> **Problem requirements**
Omitting every picture, output the records below exactly, please.

****************************************

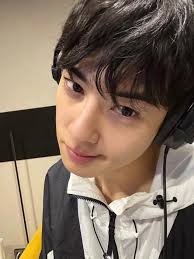 Hello, i used to listen to a song from Lee Byun Hun which title was in  Korean so i don't know the name. It seems to have been deleted from  Youtube, do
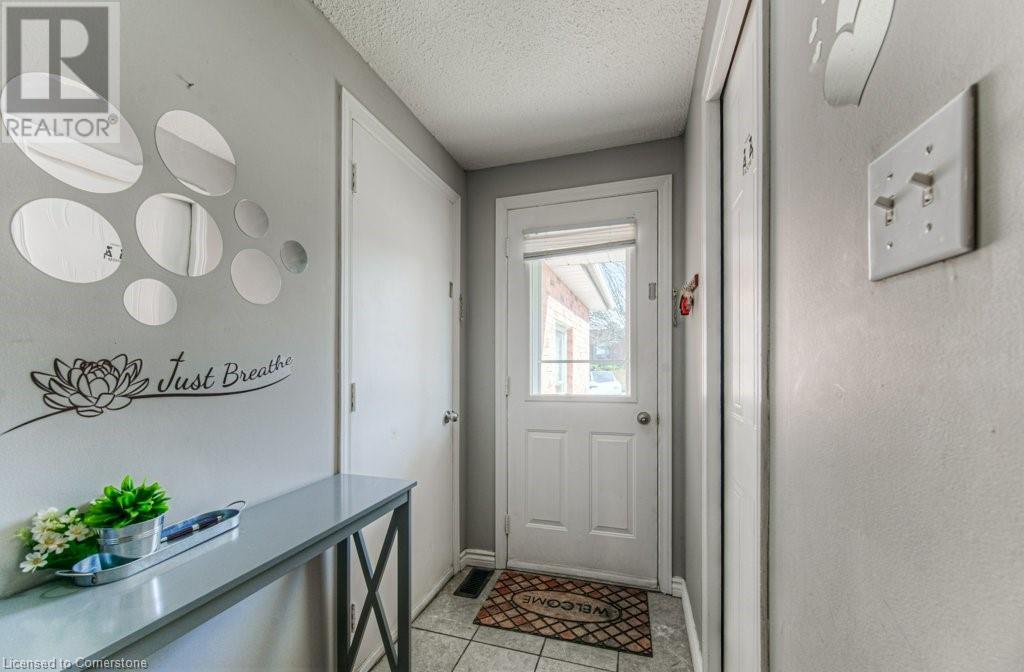 Property at 92 HIGHLAND Crescent image 3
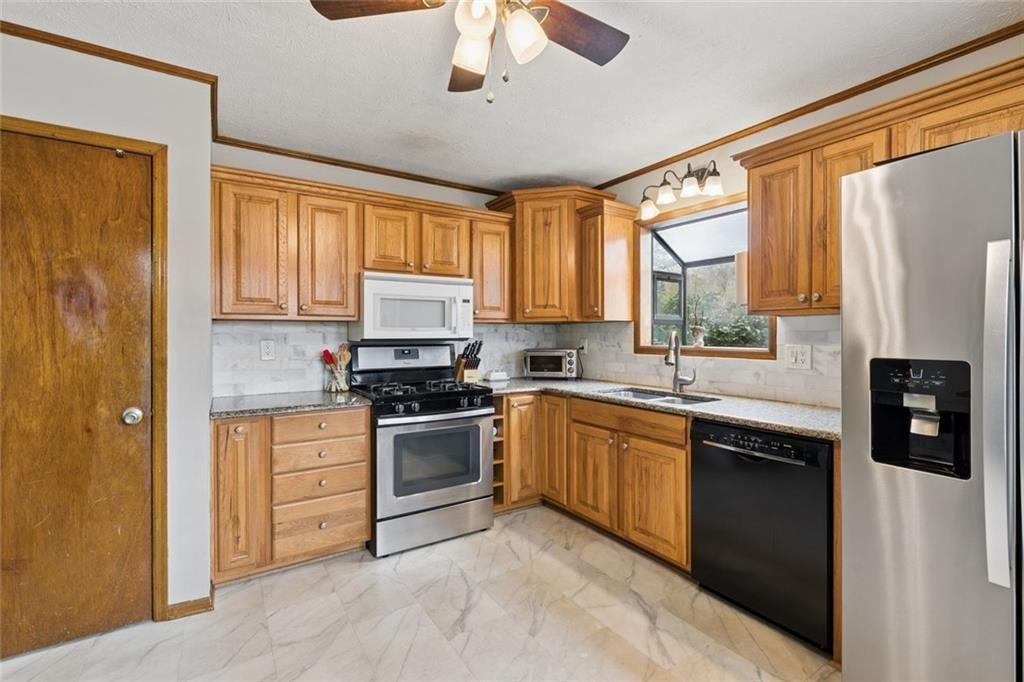 3492 Vista Heights Way SW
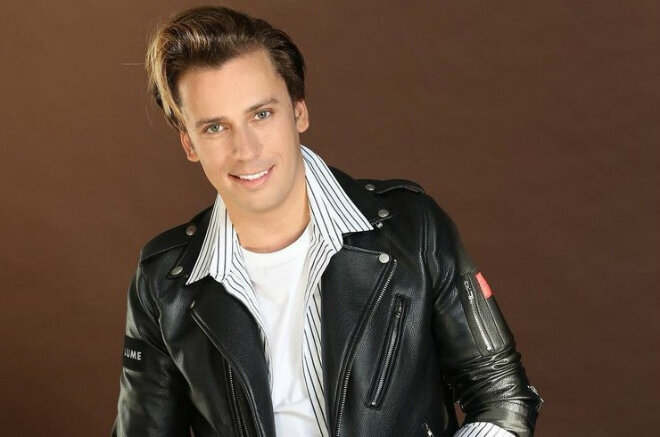 Пародист, стендап-комик, телеведущий, актёр и певец Максим Галкин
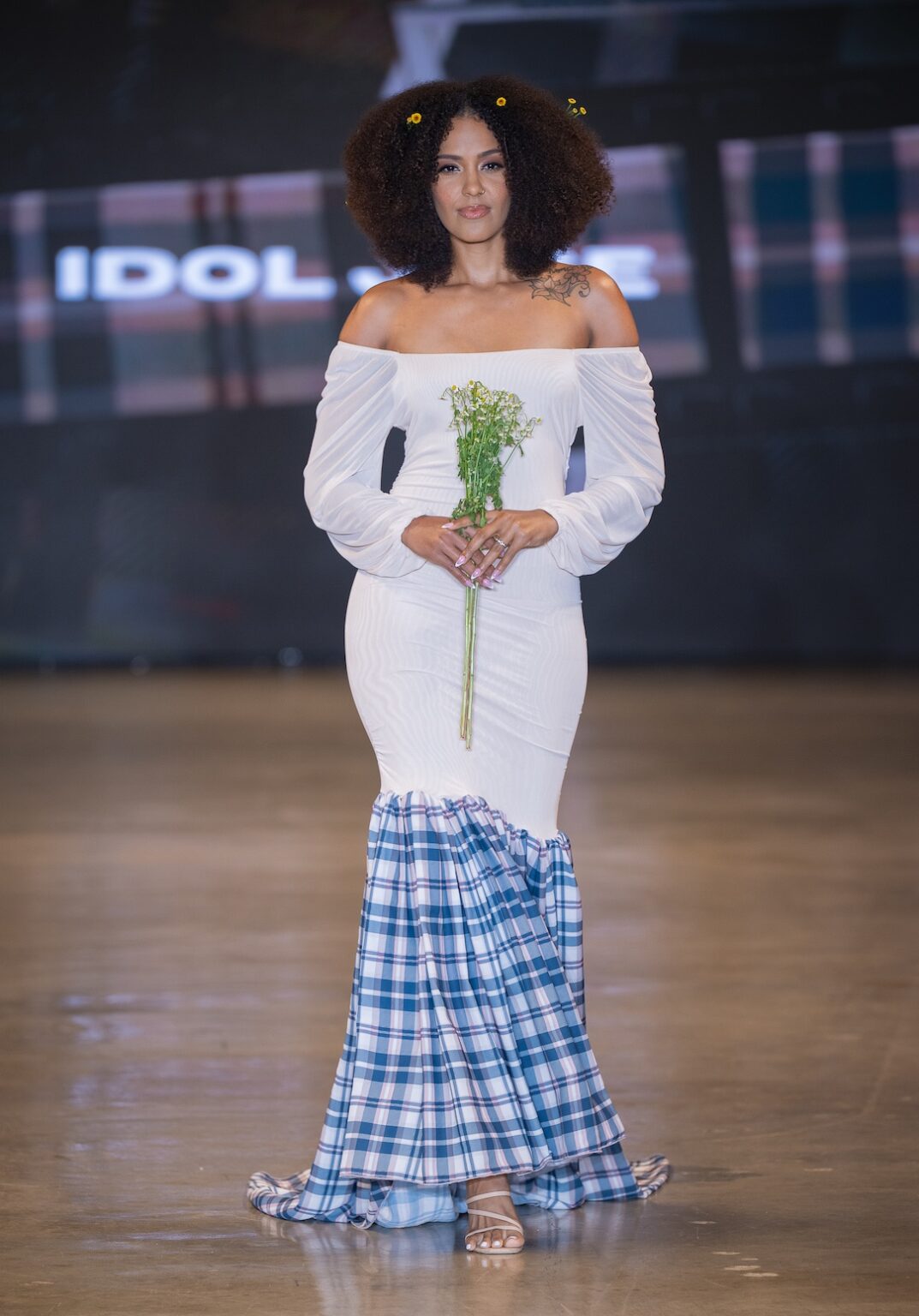 LOS ANGELES, CALIFORNIA - OCTOBER 16: A model walks the runway at the Idol Jose show during Los Angeles Fashion Week Powered By Art Hearts Fashion at The New Mart on October 16, 2025 in Los Angeles, California. (Photo by Mark Gunter/Getty Images for Art Hearts Fashion)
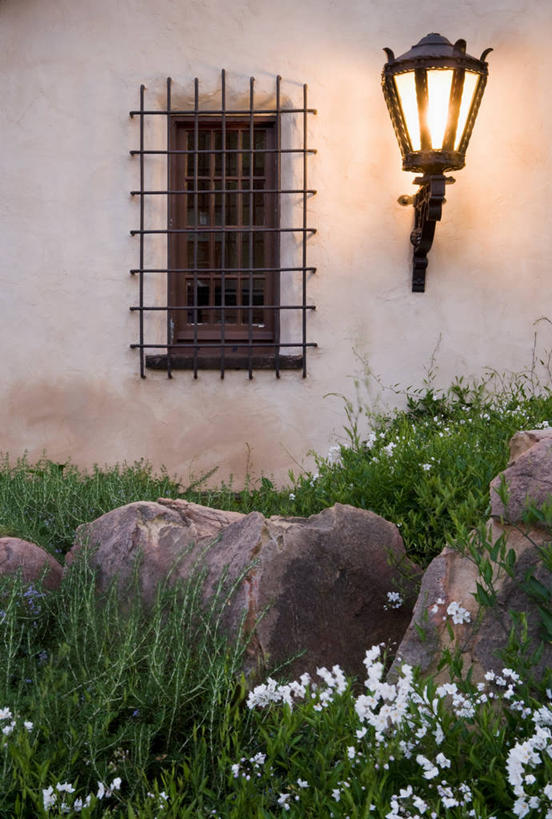 无人,家,竖图,室外,白天,正面,安全,花海,花圃,石头,植物,别墅,叶子,照明,美国,阴影,盛开,光线,壁灯,石子,影子,房屋,屋子,公寓,灯光,防护,花蕾,洋房,楼房,防盗窗,住宅,灯,花,花瓣,花朵,花卉,鲜花,绿色,白色,灯具,花丛,花束,花田,花苞,花蕊,保护,照亮,北美,北美洲,照明设备,加利福尼亚,美洲,保险,加州,加利福尼亚州,金州,黄金州,北亚美利加洲,亚美利加洲,保全,周全,安稳,安定,平安,石块,彩图,房子,美利坚合众国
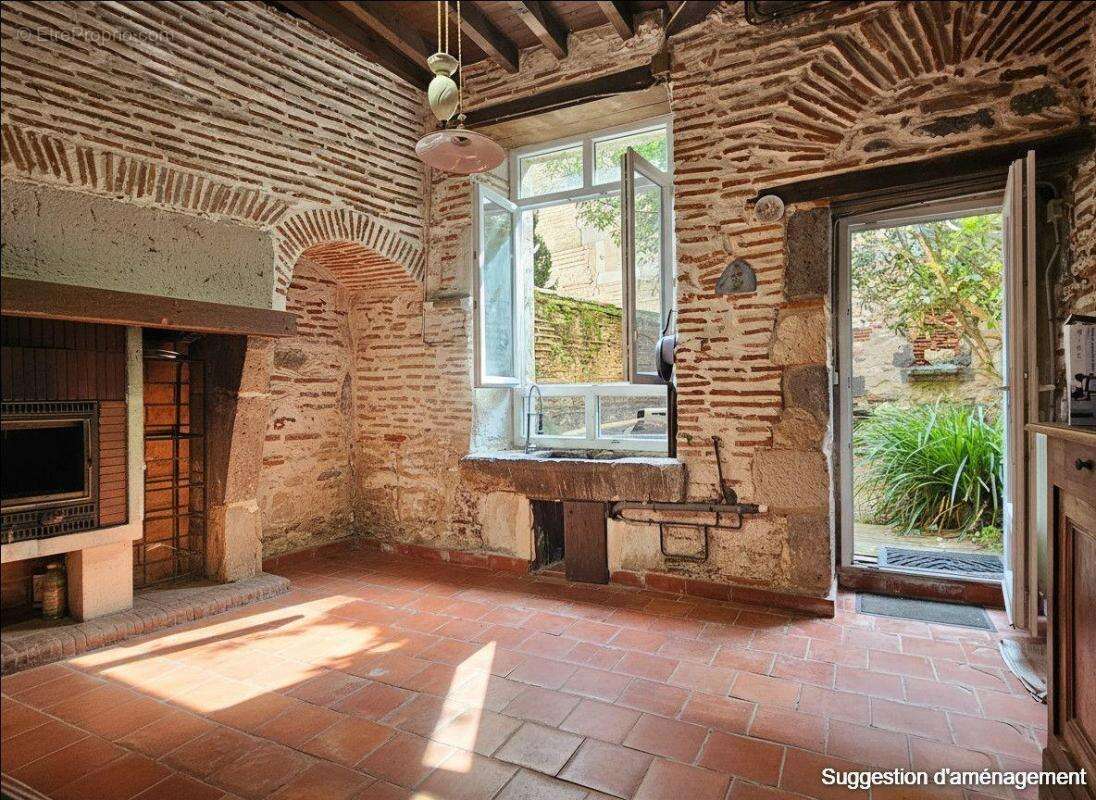 Maison à CLAIRAC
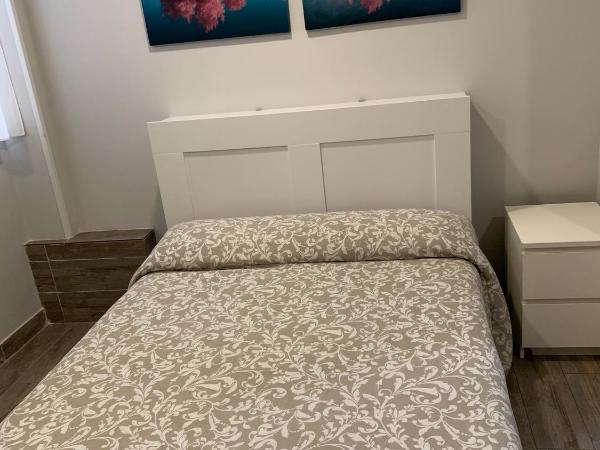 Estudios Bilbao Deusto : photo 2 de la chambre appartement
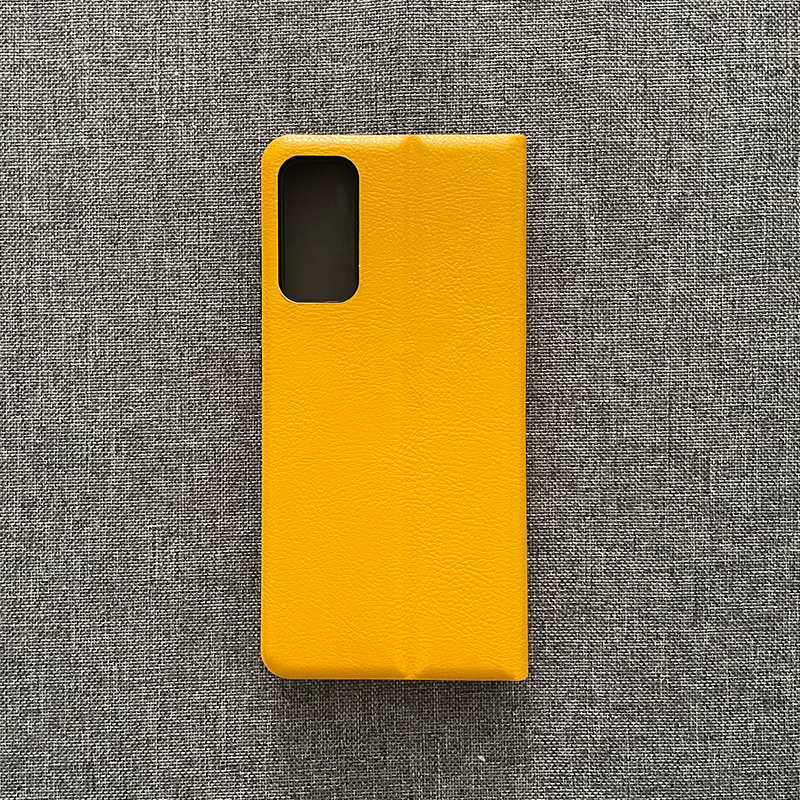 Jaune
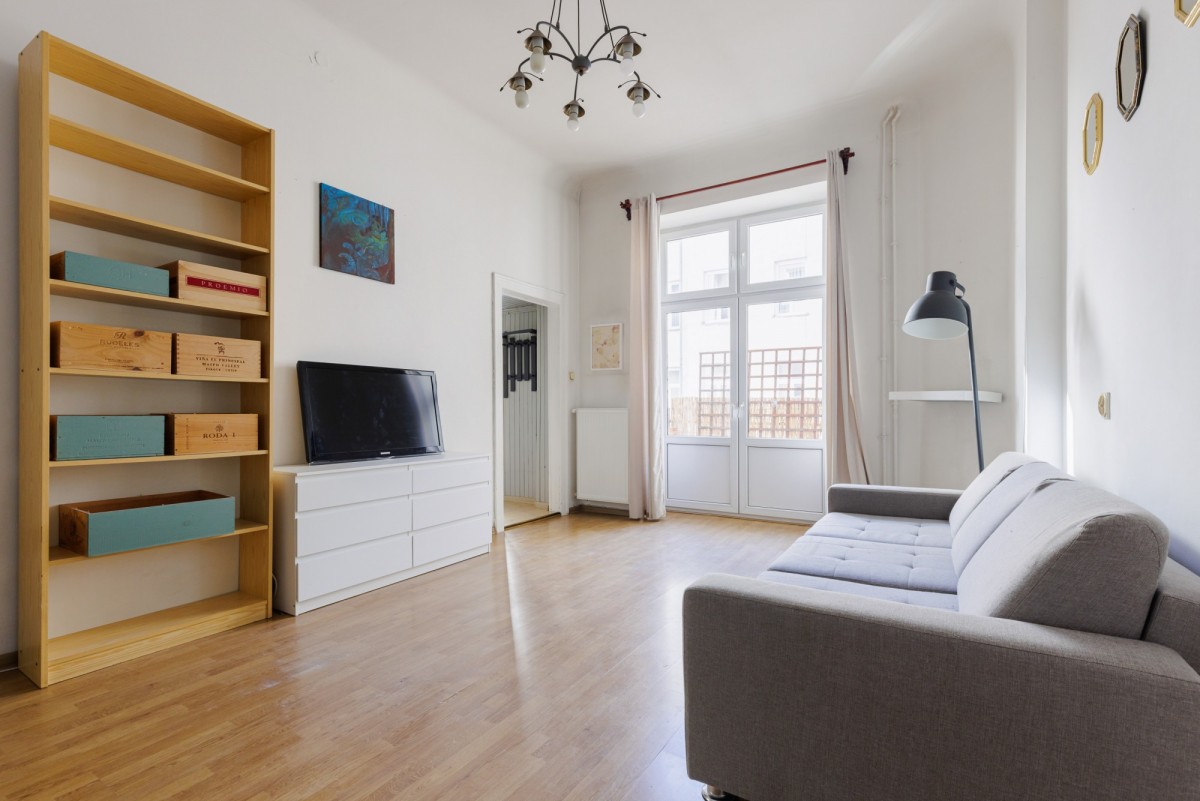 Poznańska 14 | kamienica | balkon | 3 m wysokości — zdjęcie 4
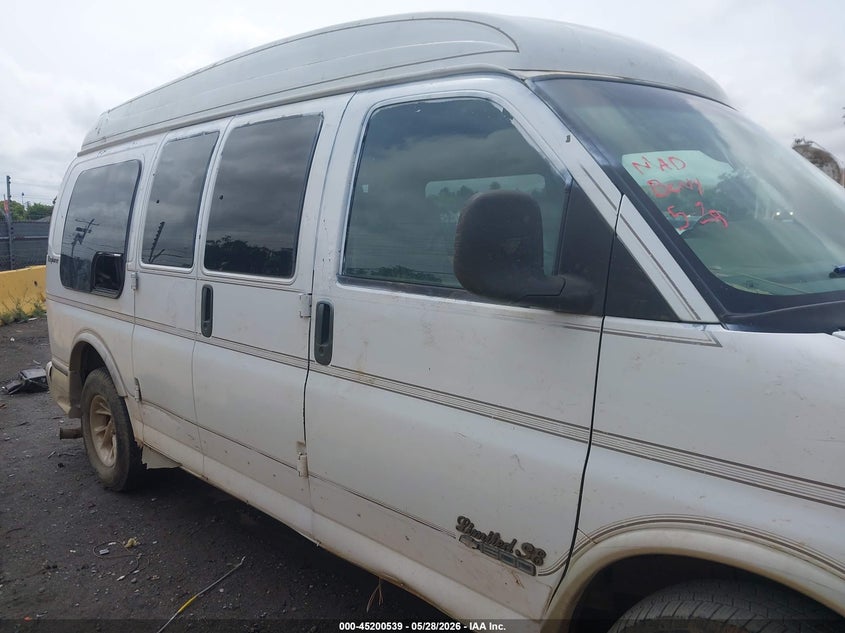 2000 Chevrolet Express Upfitter Pkg. VIN: 1GBFG15R4Y1224658 Lot: 45200539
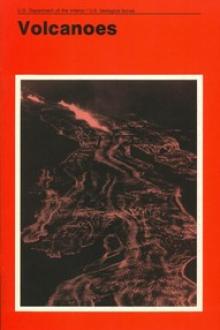 Volcanoes by Robert I. Tilling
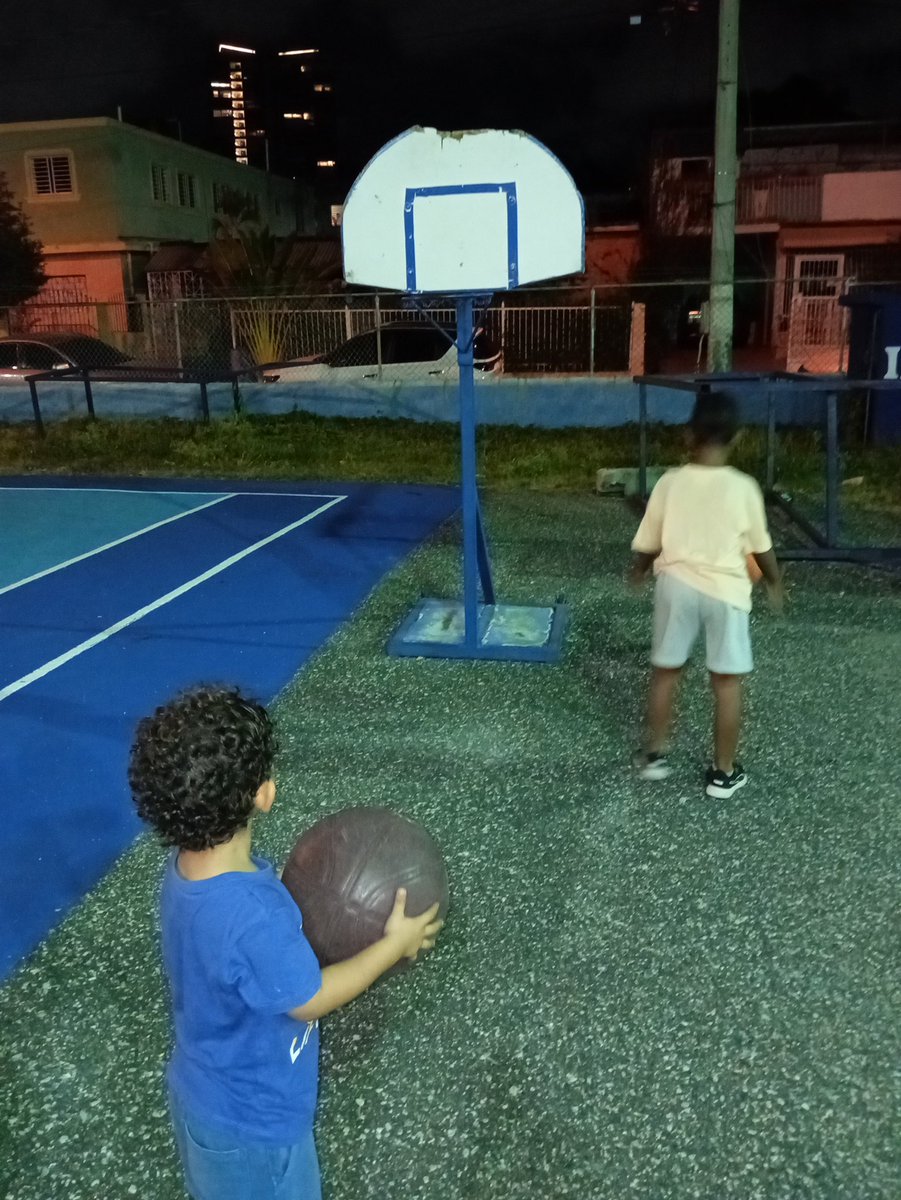 EvelinPlacidoAl's tweet image. Un espacio con su historia para generaciones 
#ClubAtala
#Cancha
#MarlonLembert 
@FedombalRD @AbadinaOficial @miderec_rd @kelvincruzrd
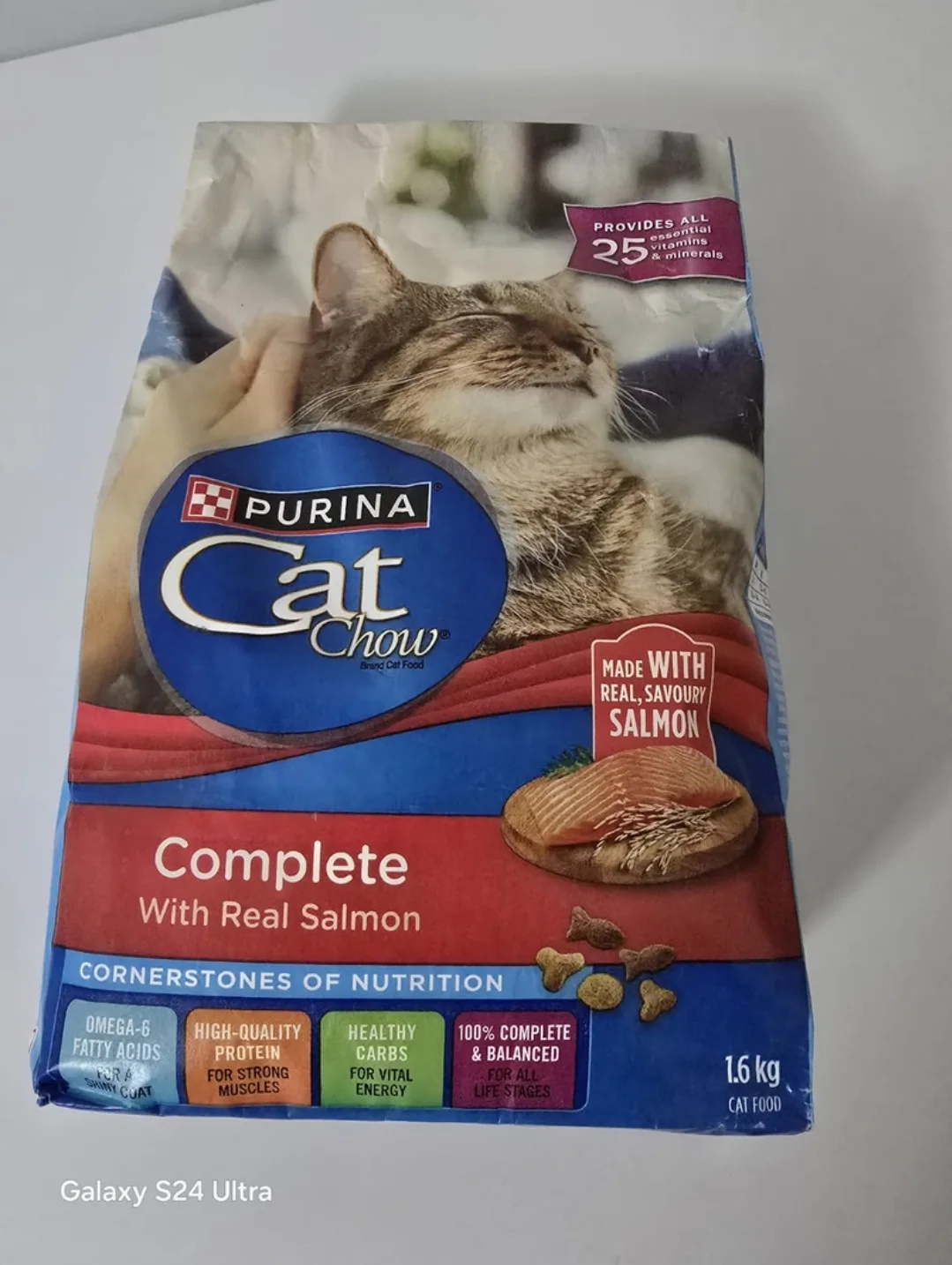 Purina Cat Chow Complete Salmon - 1.6 kg thumbnail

****************************************

> **Finished exercise**
 Hello, i used to listen to a song from Lee Byun Hun which title was in  Korean so i don't know the name. It seems to have been deleted from  Youtube, do
 Property at 92 HIGHLAND Crescent image 3
 3492 Vista Heights Way SW
 Пародист, стендап-комик, телеведущий, актёр и певец Максим Галкин
 LOS ANGELES, CALIFORNIA - OCTOBER 16: A model walks the runway at the Idol Jose show during Los Angeles Fashion Week Powered By Art Hearts Fashion at The New Mart on October 16, 2025 in Los Angeles, California. (Photo by Mark Gunter/Getty Images for Art Hearts Fashion)
 无人,家,竖图,室外,白天,正面,安全,花海,花圃,石头,植物,别墅,叶子,照明,美国,阴影,盛开,光线,壁灯,石子,影子,房屋,屋子,公寓,灯光,防护,花蕾,洋房,楼房,防盗窗,住宅,灯,花,花瓣,花朵,花卉,鲜花,绿色,白色,灯具,花丛,花束,花田,花苞,花蕊,保护,照亮,北美,北美洲,照明设备,加利福尼亚,美洲,保险,加州,加利福尼亚州,金州,黄金州,北亚美利加洲,亚美利加洲,保全,周全,安稳,安定,平安,石块,彩图,房子,美利坚合众国
 Maison à CLAIRAC
 Estudios Bilbao Deusto : photo 2 de la chambre appartement
 Jaune
 Poznańska 14 | kamienica | balkon | 3 m wysokości — zdjęcie 4
 2000 Chevrolet Express Upfitter Pkg. VIN: 1GBFG15R4Y1224658 Lot: 45200539
 Volcanoes by Robert I. Tilling
 EvelinPlacidoAl's tweet image. Un espacio con su historia para generaciones 
#ClubAtala
#Cancha
#MarlonLembert 
@FedombalRD @AbadinaOficial @miderec_rd @kelvincruzrd
 Purina Cat Chow Complete Salmon - 1.6 kg thumbnail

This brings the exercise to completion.